When love finds it hard to grow…

Sleepless nights trying to digest the lies you’ve given. My heart beats faster wondering what to reply, to be upfront or to let it slide yet again.

The hurt you cause is greater than any hurt to just myself. I see you hurt yourself over and over as you lose faith in all, knowing that even you lie to those who love you. I don’t even care so much about what I know you’re actually doing, but I care that you think so little of me that you think lying is the only way.

I’m not a pushy person like I know you think I am but if you lie to me you drive me deeper into my head where I overanalyse, I critique, I judge, because it’s the only thing keeping me sane & having some sense of self respect in that moment. Perhaps it’s just time for me to finally walk away. Saying that almost seems comical to me after running this marathon now for a few years too many. I feel like a failure that couldn’t crack the egg. Yet I know I can’t be that hard on myself, after all you padlocked it with an ever changing code & a web of lies.
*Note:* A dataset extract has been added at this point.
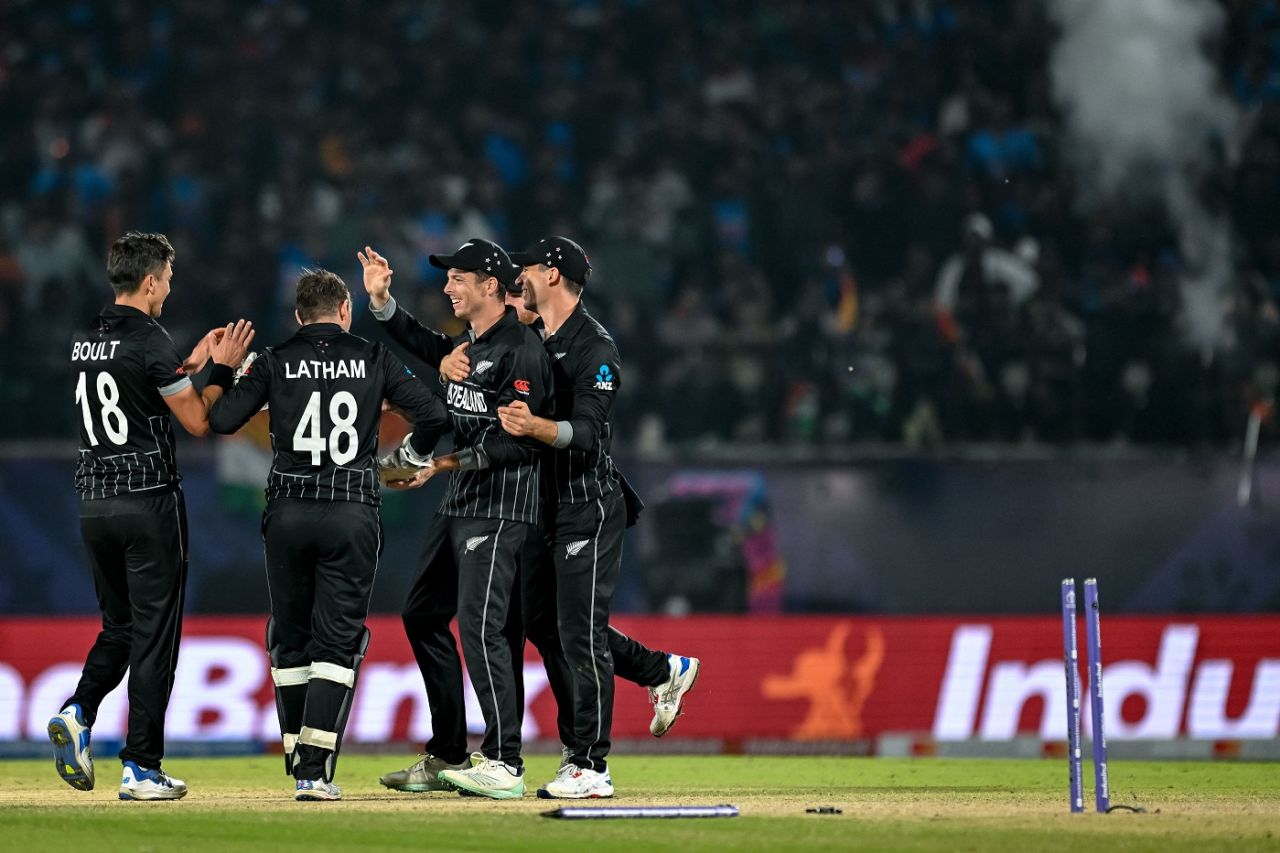 Mitchell Santner, Trent Boult, and Tom Latham were involved in Suryakumar Yadav's run out, India vs New Zealand, Men's ODI World Cup, Dharamsala, October 22, 2023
It’s your doing not mine. How was I ever going to get close enough. You even created a moat around that broken heart of yours.

All I ever wanted from you was for you to be real, some honesty & to share in some fun moments. All I feel has happened has been me tip toeing around trying not to say the wrong thing, which in turn has made me seem nothing like myself. No wonder it is the way it is, no wonder it hasn’t happened.